Il tempo non fa sconti. Va e poi torna. Riparte. Si ferma, annidandosi dentro i bordi di una coscienza che non vuole ricordare ma emerge nella precognizione di un sogno o di una sillaba che colora la mente con una calligrafia nuova.
La didattica a distanza non è la tradizione. Ha un carattere d’urgenza come una sala operatoria che nei suoi ambienti sterili e negli attrezzi puliti sono un richiamano continuo alla vita. Non dobbiamo dimenticarci che nell’emergenza deve emergere un’istruzione sana capace di parlare di emozioni. L’alfabetizzazione televisiva degli anni ’50 era fatta di contenuti e contenitori affettivi vuoti.
Oggi, la Dad cerca di colmare dei vuoti ed è proprio per questo che non deve in alcun modo prescindere dall’alfabetizzazione emotiva.
I mezzi moderni ci pongo difronte a una didattica nuova in cui lo sguardo dello studente ha la potenza espressiva di continuare a dire quella parte nascosta che le parole vorrebbero far scomparire. I nostri studenti non sono delle camere vuote, dei manifesti di propagande e un proliferare di schede da riempire, non sono dei contenitori vuoti da subissare.
No, la Dad entra con l’emergenza, subentra ai banchi di scuola che rimangono vuoti.
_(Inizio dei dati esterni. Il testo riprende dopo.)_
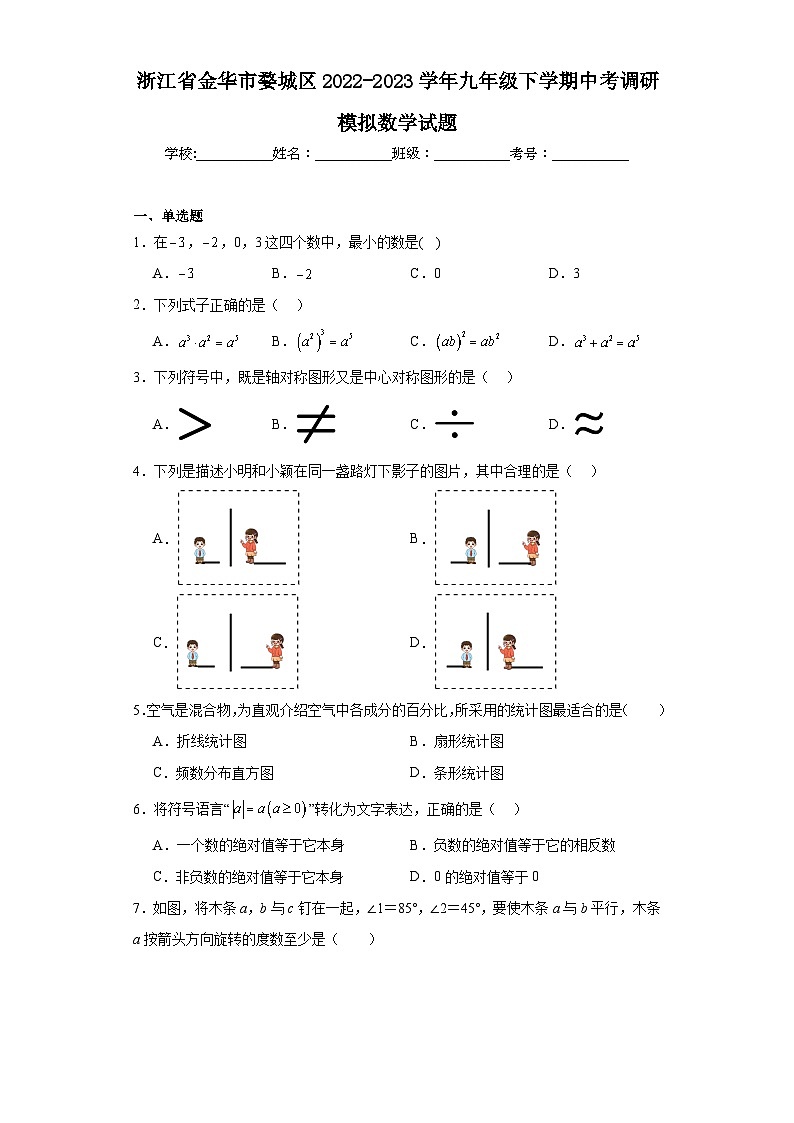 浙江省金华市婺城区2022-2023学年九年级下学期中考调研模拟数学试题(含解析)第1页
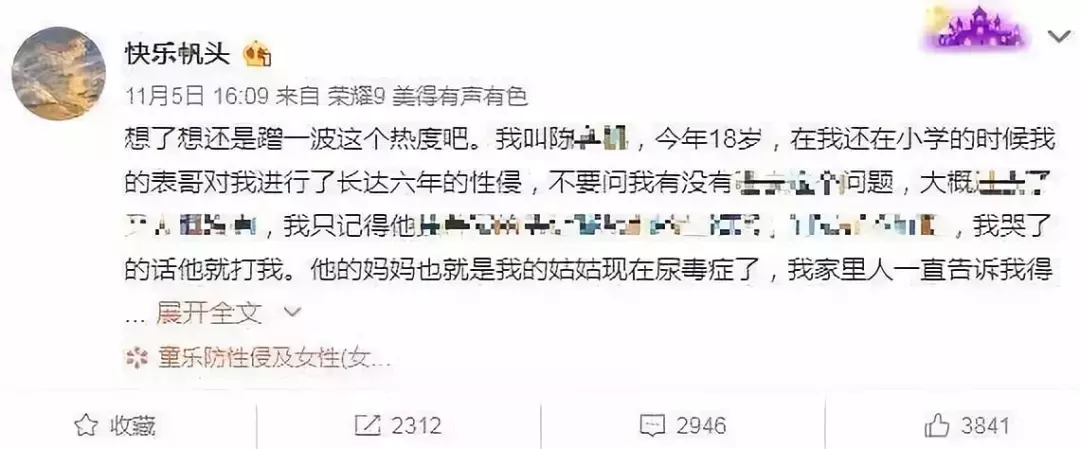 四川45岁男子公交车上猥亵5年级小学生,养女儿,这3点要教给她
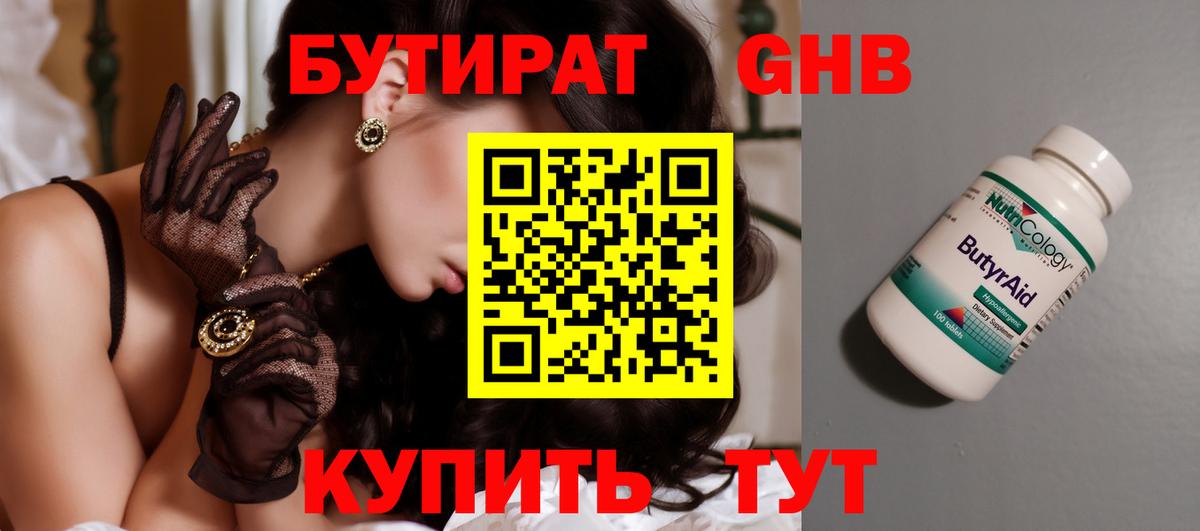 Тайшет  Бутират бутандиол  Бутират  Вход с VPN 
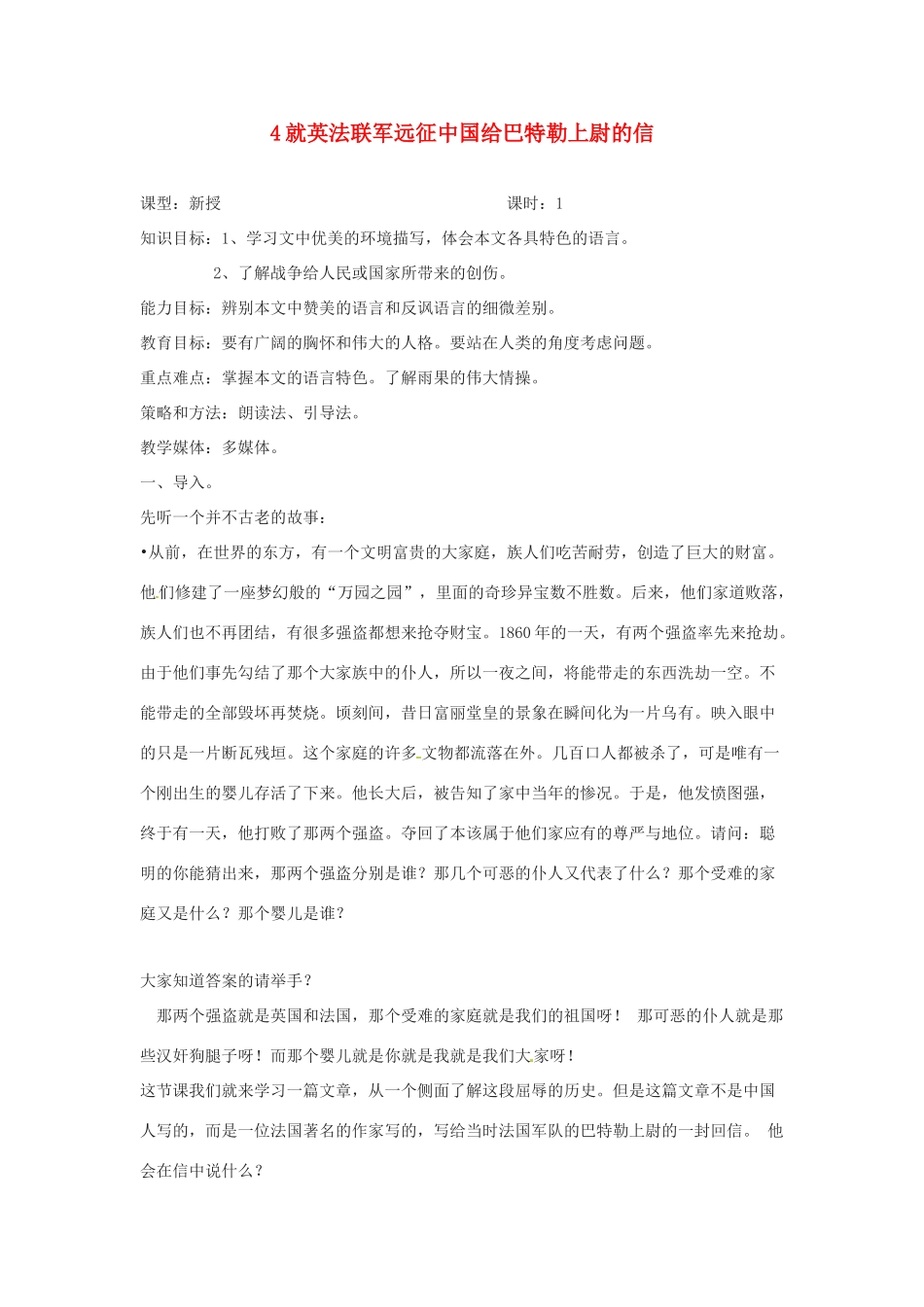 四川省攀枝花市第二初级中学八年级语文上册 4 就英法联军远征中国给巴特勒上尉的信教案 新人教版_第1页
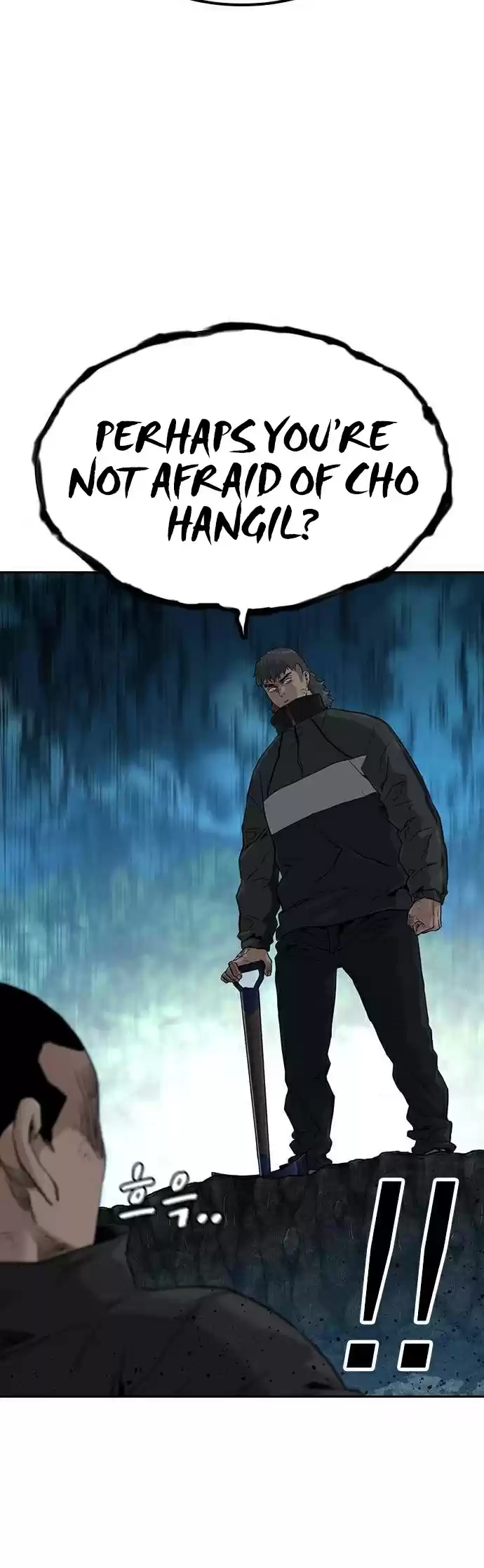 To Not Die Chapter 39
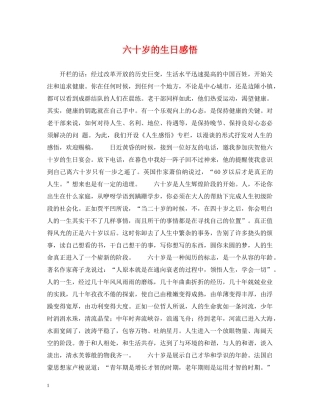 六十岁的生日感悟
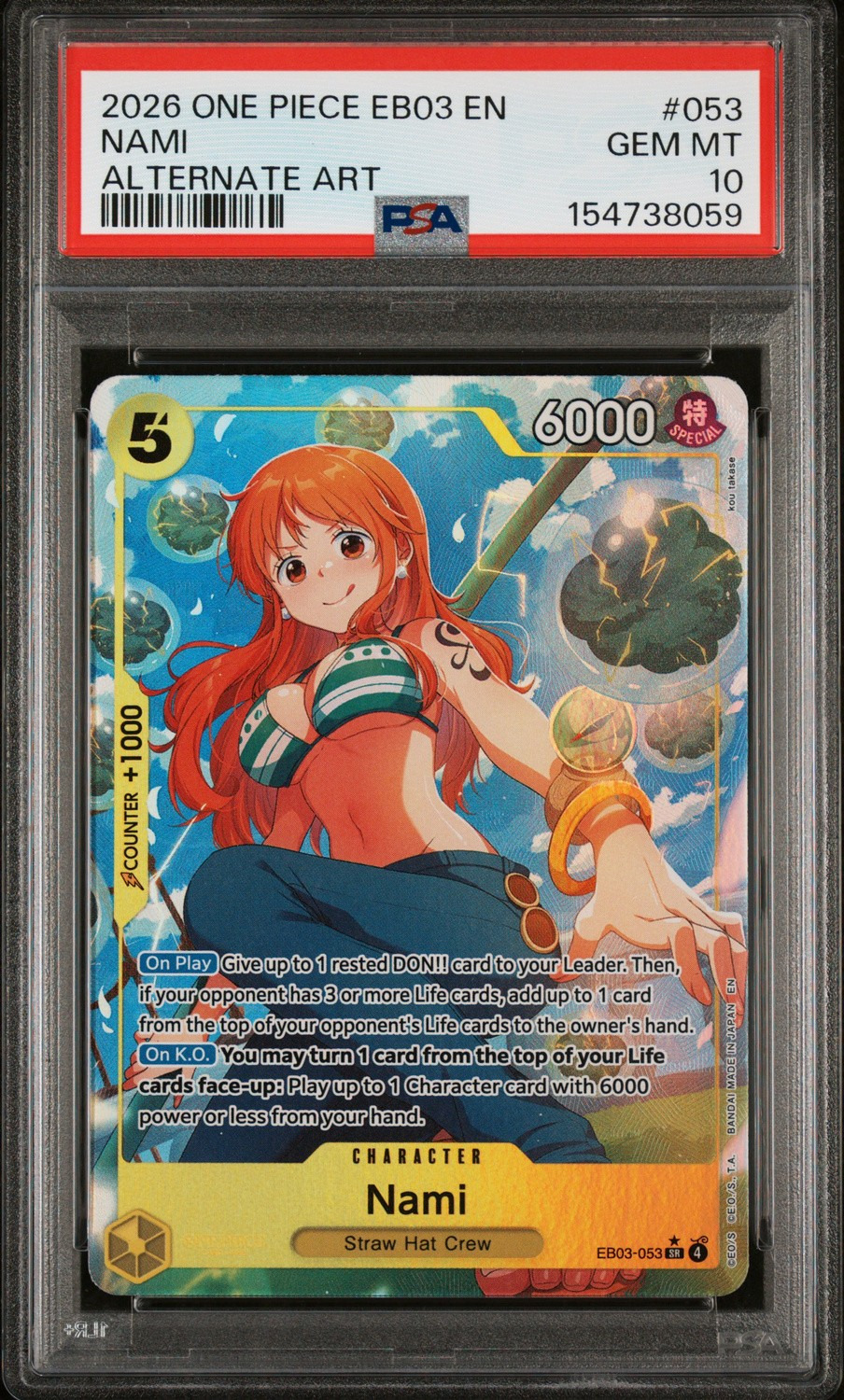 Nami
Entra nelle aule silenziose e nelle pareti che rimango spoglie. Si svuotano i luoghi abituali, quelli odiati e amati, che tornano nostalgici nei i ricordi.
La Dad non è didattica perché la scuola è ben altro di un compito da finire o una pagina da riempire. Non possiamo dimenticarci di questo. In questo stato di emergenza e di necessità, tutti siamo attraversati da una tempesta emozionale di una routine che è stata cancellata, fatta a brandelli come uno straccio vecchio di cui disfarci presto.
Essa conserva inalterate degli squarci di incredibili interazione in cui il contatto non è una semplificazione dell’impossibilità. È una routine pedagogica di continuità con il senso di normalità. È il senso appagante del prepararsi e del prendersi cura del proprio corpo. È un pigiama che viene riposto nel cassetto, marcando la differenza tra il giorno e la notte, tra l’esserci e il non esserci. È uno spazio abitato di persone che si trovano per parlare di ciò che sento, provano e vivono nei limiti di una quarantena che li obbliga a guardarsi dentro. È la solitudine che cessa perché ci sono gli amici. C’è il compagno di banco che ripropone le sue battute, c’è un senso di identità che non si perde. Ci sono i sorrisi dei bambini, quella sorta di beatitudine infinita in cui arde forte il desiderio di ricominciare. La nostalgia e la mancanza si disperdono lentamente nei suoni dei tasti, mentre nel cliccare del mouse sorge la possibilità di non essere soli. Vengono in qualche sconfitte dalla voglia stare insieme, dal farsi compagnia condividendo le gioie e i dolori. La didattica a distanza è una fruizione infinita di emozioni che nel “meet” ritornano. È lo spazio condiviso di una dialettica di un gruppo e di pezzi di società che si ritrovano. È un contenitore emotivo, affettivo e sociale in cui il contatto visivo è la parte attiva ed attivante. È la ripetizione costante che l’attesa premia creando certezze. Il contatto umano si trasforma in una routine pedagogica del prenderci virtualmente per mano. È uno sguardo di continuità tra ciò che c’era e ciò che c’è adesso. C’è il senso di responsabilità dell’essere connessi e presenti. Ci si affida alla responsabilità degli studenti, si fa appello alla loro maturità, alla loro crescita e al senso che hanno di se stessi. È un gesto di fiducia continuo in cui affidarsi e fidarsi sono delle possibilità concrete.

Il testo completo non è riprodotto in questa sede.